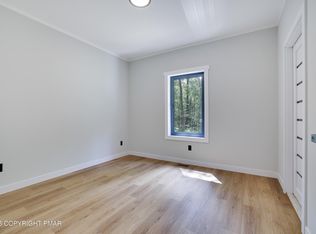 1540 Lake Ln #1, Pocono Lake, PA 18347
...
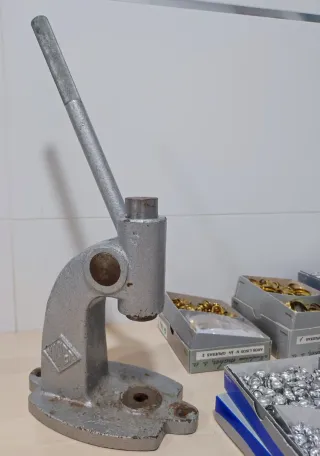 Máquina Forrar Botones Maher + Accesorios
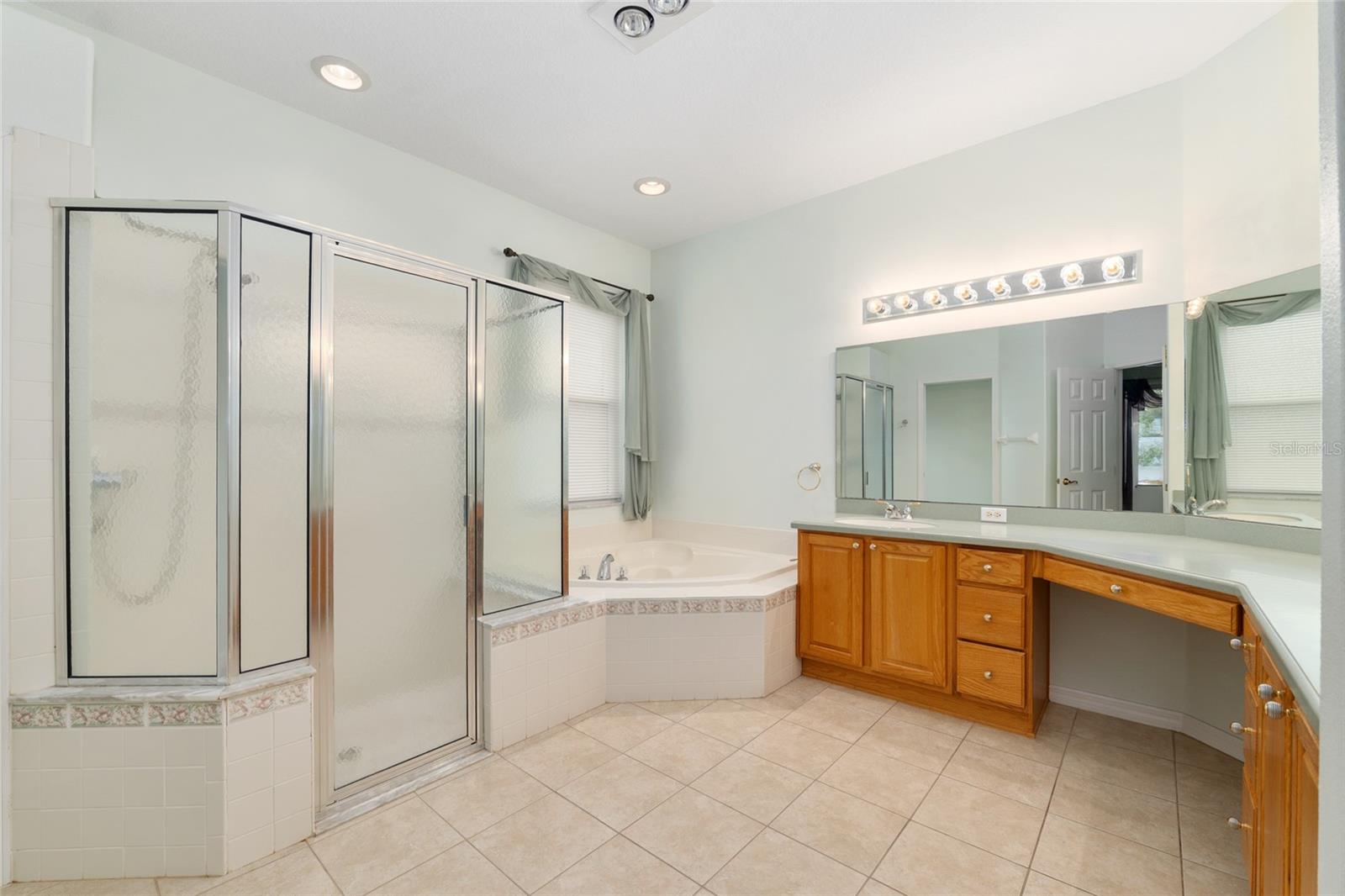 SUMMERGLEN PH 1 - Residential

● Exercise aim
Working from the entries above, reproduce exactly and only the lines beginning with the line that has "Máquina Forrar Botones Maher + Accesorios" and ending with the line that has "SUMMERGLEN PH 1 - Residential"; omit all pictures.

● Written solution
 Máquina Forrar Botones Maher + Accesorios
 SUMMERGLEN PH 1 - Residential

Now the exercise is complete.